The Carbon Cycle in Karst
Yuan Daoxian, Guilin
with 7 figures
Summary. The traditional conceptualisation of the CO2-H2O-CaCO3 system has played a role in introducing earth system science into the study of karst. It is a model for the karst dynamic system (KDS) and is useful in explaining the carbon cycle in karst. It is a triphase open disequilibrium system characterized by a high sensitivity to environmental change, and so needs special methodologies for its research. The basic functions of the system are: to drive the formation of karst features and related environmental problems; to contribute to the regulation of greenhouse gases in the atmosphere and to the mitigation of environmental acidification; to drive the migration, enrichment and precipitation of certain elements, and thus the formation of mineral deposits, and thereby influence the biodiversity of life in karst areas; and to record the course of environmental change. The global annual removal of carbon from the atmosphere by karst processes is estimated as 6.08x108 t/a, of which Chinese karsts contribute 3.83x106 t/a .
1. Introduction
Karst processes are part of the world carbon, water and calcium cycles that occur at the interfaces between lithosphere, hydrosphere, atmosphere and biosphere. The programmes of UNESCO/IUGS IGCP 299 "Geology, Climate, Hydrology and Karst Formation" (1990-1994) and IGCP 379 "Karst Processes and the Carbon Cycle" (1995-1999) promoted investigation of these topics. The late Dr. M. M. SWEETING made an important contribution to the initiation and implementation of IGCP299 and to the application for its successor IGCP 379. She was involved in the 6700 km long second field correlation investigation of IGCP 299 in her seventieth year, which examined three major types of karst in mainland China (subtropical karst in the south, high mountain karst in the west, and semiarid karst in the north). Her participation was very helpful in reaching a common understanding on the principles of the project. Accordingly, it is pertinent to draw from the results of the two projects here as a dedication to this outstanding karstologist of the latter part of this century.
The guideline for IGCP299 was to investigate karst morphology and its associated environmental background (water, heat, and chemical and biogenic energy) and then determine the physical-chemical mechanisms of karst formation. Its objectives were:
(1) to identify the global differences in karst feature complexes and to clarify the regularities of their distribution. The ‘karst feature complex’ was adopted as the tool to avoid confusion of isomorphism that might arise in world karst correlation. It is defined as a set of karst features, including macro and micro forms, surface and subsurface forms, as well as dissolutional and depositional forms that require similar environmental backgrounds for their formation;
(2) to study the relationships between karst feature complex, karst processes and the geological, climatic and hydrological background;
(3) to reconstruct the course of paleoenvironmental change from karst records; and
(4) to apply the experiences of evaluation, prediction, and exploitation of natural resources and environmental protection to various karst areas. Investigations took place in Turkey, China, Russia, USA, Australia, Iran, Canada and the UK. Thirty-two correlation sites were provided by national working groups and a number of karst areas under different environments were selected to reveal the origin of karst formation by monitoring associated carbon cycle and water cycle conditions.
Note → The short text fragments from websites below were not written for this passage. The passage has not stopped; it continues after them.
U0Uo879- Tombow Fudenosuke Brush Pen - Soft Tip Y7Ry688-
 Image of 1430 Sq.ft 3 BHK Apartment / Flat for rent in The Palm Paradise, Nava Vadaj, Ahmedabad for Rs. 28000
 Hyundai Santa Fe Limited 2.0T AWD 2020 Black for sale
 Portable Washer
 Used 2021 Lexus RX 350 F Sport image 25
The results of IGCP299 indicate that karst studies can do much to help understand the global carbon cycle, and thereby can contribute more to an understanding of global change. This is so especially in regard to the greenhouse gas problem, but also in finding more paleoenvironmental proxies to test the output of general circulation models. Accordingly the objectives of the successor project IGCP379 are:
(1) to assess the contribution of carbonate rocks and karst processes to the content of CO2 in the atmosphere;
(2) to compare the annual balance of CO2 between the atmosphere and karst systems within different geological, climatic and ecological environments;
(3) to determine the origin and amount of annual emission of CO2 into the atmosphere from karst areas with geothermal or volcanic activities or active faults, especially in areas near plate margins; and
(4) to provide information about the processes of environmental change after the late Pleistocene in major karst regions of the world, especially in those regions without other paleoenvironmental proxies.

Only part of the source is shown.